* Exercise brief *
Retype all data exactly as given. Pictures should not be retyped.

[[ Stored data open ]]

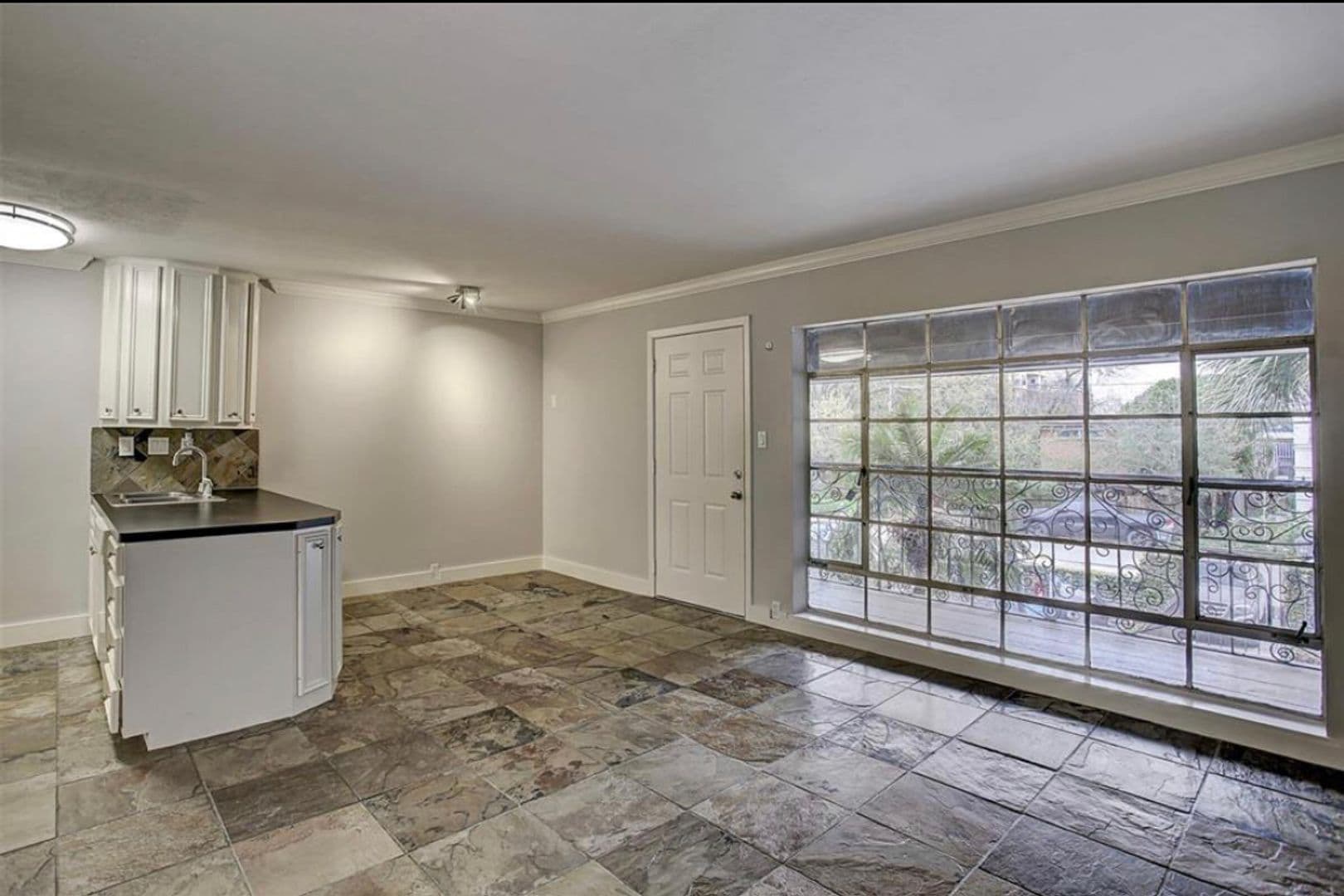 Houston Apartment: 2322 Richton St - Unit 11
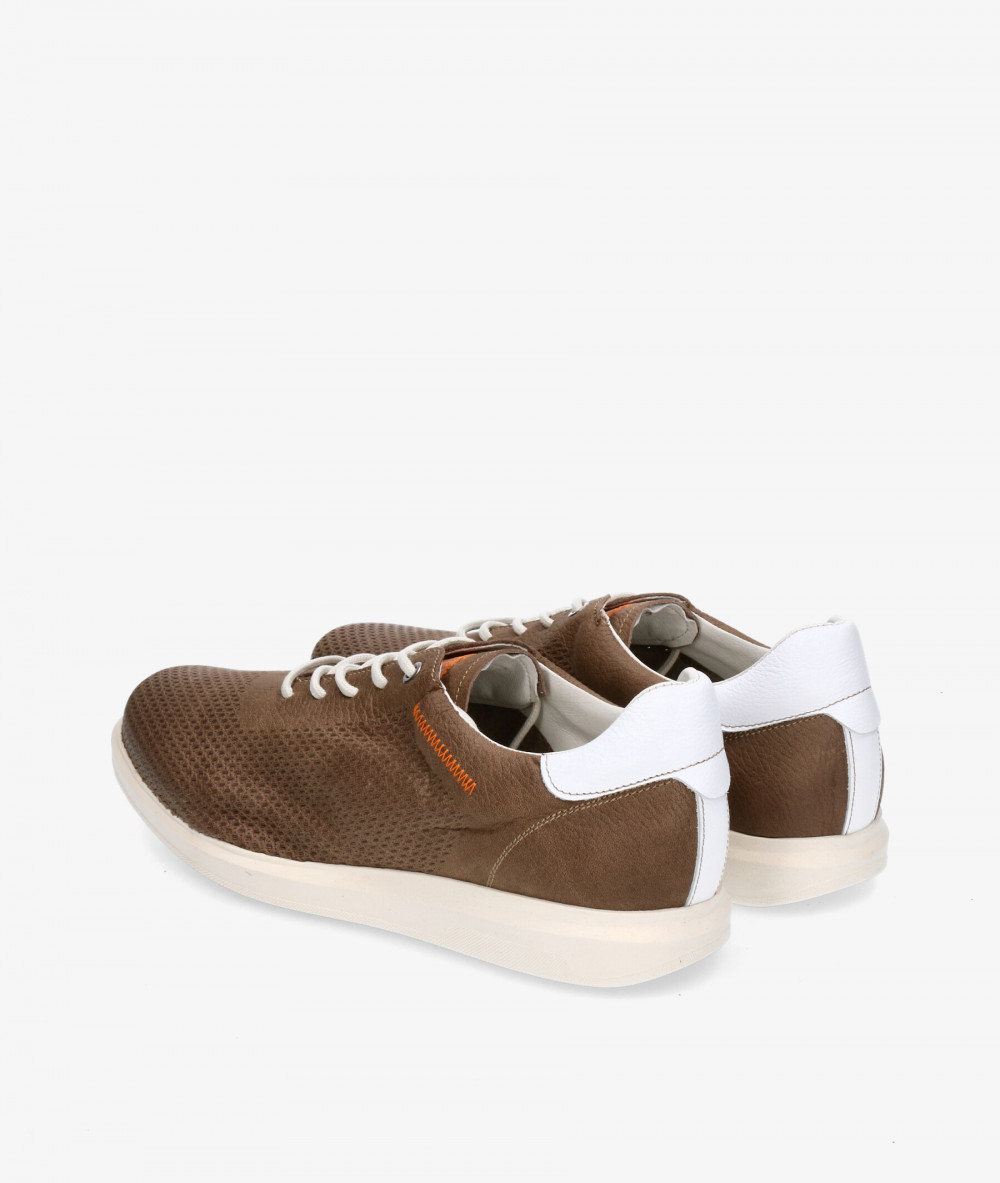 Zapatos casual Traveris 06102 en marrón Zapatos casual Traveris 06102 en marrón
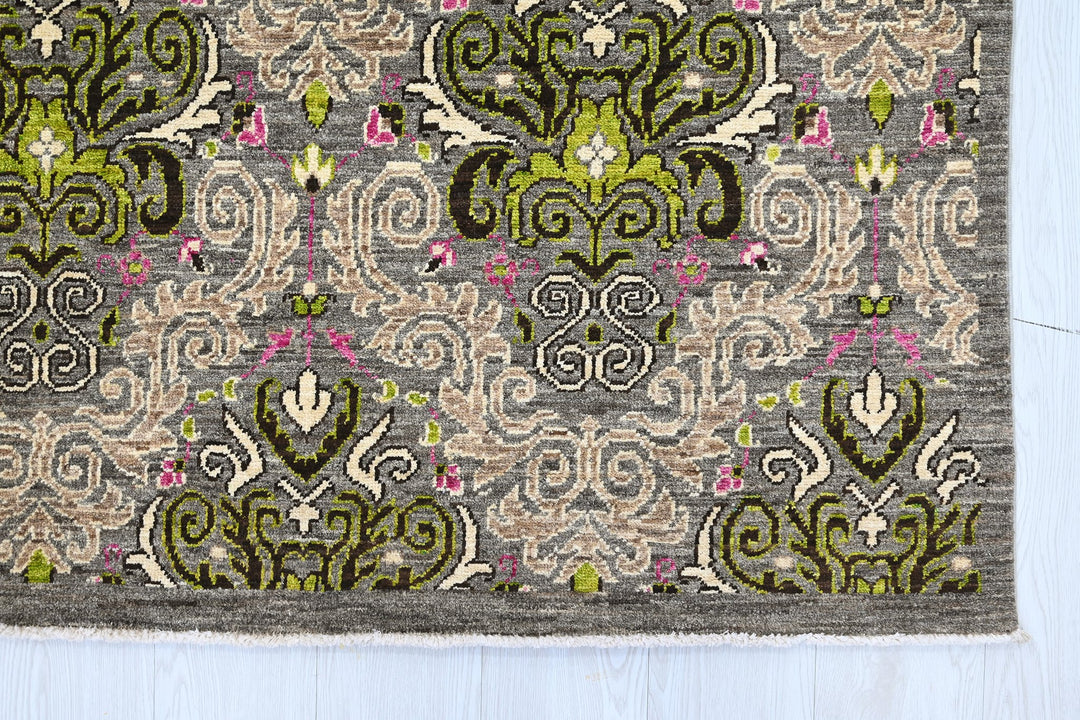 gray Medium rug 5' 11" x 9' 0"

[[ Stored data closed ]]

* Result of the exercise *
 Houston Apartment: 2322 Richton St - Unit 11
 Zapatos casual Traveris 06102 en marrón Zapatos casual Traveris 06102 en marrón
 gray Medium rug 5' 11" x 9' 0"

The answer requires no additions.